Kind of a Collective (KoaC) was a peer-mentorship project that ran alongside Lan “Florence” Yee’s exhibition at the FOFA Gallery, "What Academia Has Done to Me." Starting with the central question: ‘How do we collect ourselves?’, the project aims to support emerging artists in developing forms of creative practice that are neglected by traditional university arts education, namely: collective and community-engaged practices. KoaC brought together 10 participants who were invested in collectivity, yet struggled with questions of labour, sustainability, and marginalization. This publication is a record of our many conversations and hopes to distill the unfathomable scale of change for a just future into smaller, quieter gestures and ways of relating, grounded in more immediate realities, that may ultimately stay with us longer.

Lan “Florence” Yee is a visual artist and serial collaborator based in Tkaronto/Toronto and Tiohtià:ke/Mooniyang/Montreal. They collect text in underappreciated places and ferment it until it is too suspicious to ignore. Lan’s work has been exhibited at the Darling Foundry (2022), the Toronto Museum of Contemporary Art (2021), the Art Gallery of Ontario (2020), the Textile Museum of Canada (2020), and the Gardiner Museum (2019), among others. Along with Arezu Salamzadeh, they co-founded the Chinatown Biennial in 2020. They obtained a BFA from Concordia University and an MFA from OCAD U.

Mattia Zylak is an arts worker based in Tiohtià:ke/Mooniyang/Montréal. She holds a BFA in Art History from Concordia University and an MFA in Criticism & Curatorial Practice from OCAD University. Mattia is pursuing an MA in Arts Leadership from Queen’s University where she is researching alternative forms of governance (or ungovernance) within the context of Canadian artist-run centres. She has worked at non-profit art galleries including SBC Gallery of Contemporary art (Montréal) and Gallery TPW (Toronto). Mattia is currently the General Co-director & Operations at La Centrale galerie Powerhouse (Montréal), an artist-run centre dedicated to multidisciplinary and intersectional feminist practices.

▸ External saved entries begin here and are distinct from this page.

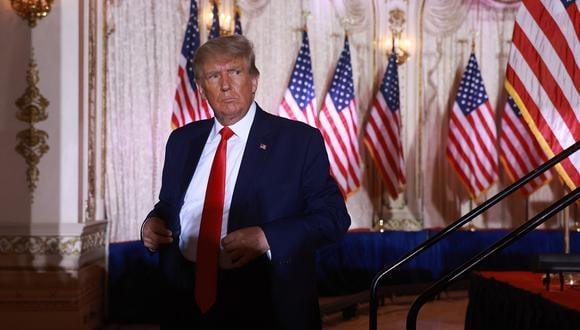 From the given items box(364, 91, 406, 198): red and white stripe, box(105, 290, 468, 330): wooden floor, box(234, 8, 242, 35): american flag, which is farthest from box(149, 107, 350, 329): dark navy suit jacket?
box(364, 91, 406, 198): red and white stripe

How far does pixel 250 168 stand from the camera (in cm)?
221

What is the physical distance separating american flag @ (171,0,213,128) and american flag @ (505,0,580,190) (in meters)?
3.28

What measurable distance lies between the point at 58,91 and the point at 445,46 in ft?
20.7

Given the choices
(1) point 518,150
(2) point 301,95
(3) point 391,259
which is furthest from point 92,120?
(1) point 518,150

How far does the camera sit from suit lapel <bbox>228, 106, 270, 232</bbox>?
2.15m

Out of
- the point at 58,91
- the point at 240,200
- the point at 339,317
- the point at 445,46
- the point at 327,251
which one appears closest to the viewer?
the point at 240,200

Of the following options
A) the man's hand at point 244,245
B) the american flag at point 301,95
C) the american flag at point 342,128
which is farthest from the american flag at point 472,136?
the man's hand at point 244,245

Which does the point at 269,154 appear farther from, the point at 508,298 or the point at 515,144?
the point at 515,144

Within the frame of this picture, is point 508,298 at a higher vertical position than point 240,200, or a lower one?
lower

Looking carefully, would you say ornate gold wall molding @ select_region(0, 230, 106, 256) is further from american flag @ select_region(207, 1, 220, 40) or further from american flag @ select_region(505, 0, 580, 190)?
american flag @ select_region(505, 0, 580, 190)

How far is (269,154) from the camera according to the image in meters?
2.24

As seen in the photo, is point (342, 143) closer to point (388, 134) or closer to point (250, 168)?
point (388, 134)

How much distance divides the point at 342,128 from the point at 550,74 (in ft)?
12.8

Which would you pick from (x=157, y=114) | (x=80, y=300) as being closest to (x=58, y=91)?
(x=80, y=300) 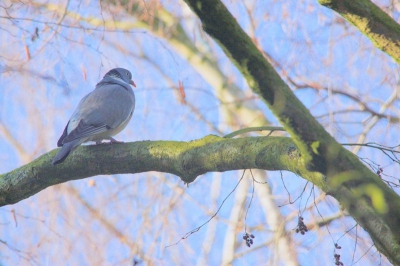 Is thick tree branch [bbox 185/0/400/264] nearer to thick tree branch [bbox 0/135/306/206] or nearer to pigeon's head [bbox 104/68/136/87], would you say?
thick tree branch [bbox 0/135/306/206]

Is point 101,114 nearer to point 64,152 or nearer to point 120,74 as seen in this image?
point 64,152

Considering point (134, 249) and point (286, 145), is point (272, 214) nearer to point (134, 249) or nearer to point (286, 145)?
point (134, 249)

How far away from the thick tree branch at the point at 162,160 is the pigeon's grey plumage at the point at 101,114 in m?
0.38

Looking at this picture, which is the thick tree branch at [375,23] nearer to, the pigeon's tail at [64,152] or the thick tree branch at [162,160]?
the thick tree branch at [162,160]

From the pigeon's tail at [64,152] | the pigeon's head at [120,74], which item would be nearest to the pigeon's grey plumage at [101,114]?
the pigeon's tail at [64,152]

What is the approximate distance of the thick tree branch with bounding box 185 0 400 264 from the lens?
1.67 meters

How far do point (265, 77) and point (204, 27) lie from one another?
238 mm

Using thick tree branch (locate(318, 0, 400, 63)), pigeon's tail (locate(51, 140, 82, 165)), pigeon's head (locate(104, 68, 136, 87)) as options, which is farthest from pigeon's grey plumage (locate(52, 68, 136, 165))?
thick tree branch (locate(318, 0, 400, 63))

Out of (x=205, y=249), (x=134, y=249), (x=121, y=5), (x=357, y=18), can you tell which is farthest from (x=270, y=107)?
(x=121, y=5)

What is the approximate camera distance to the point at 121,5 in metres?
5.50

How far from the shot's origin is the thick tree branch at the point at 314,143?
1.67 metres

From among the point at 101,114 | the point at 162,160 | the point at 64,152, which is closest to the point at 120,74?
the point at 101,114

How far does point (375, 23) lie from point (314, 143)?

Vince Rozario is an independent critic, curator, writer, arts administrator, and community organizer based in Tkarón:to/ Toronto. They have presented curatorial projects at the Art Gallery of Guelph, Xpace Cultural Centre, the Gladstone Hotel and the Canadian Filmmakers’ Distribution Centre. They have published criticism in C Magazine, Momus, and ArtsEverywhere, and contributed to exhibition texts for Whippersnapper Gallery, InterAccess and Gallery 44. They were the winner of the 2018 C New Critics Award and the 2021 Middlebrook Prize for Young Canadian Curators. They are a co-founder of Bricks and Glitter, a grassroots, intergenerational QTBIPOC arts festival, and currently serve on the board of Whippersnapper Gallery.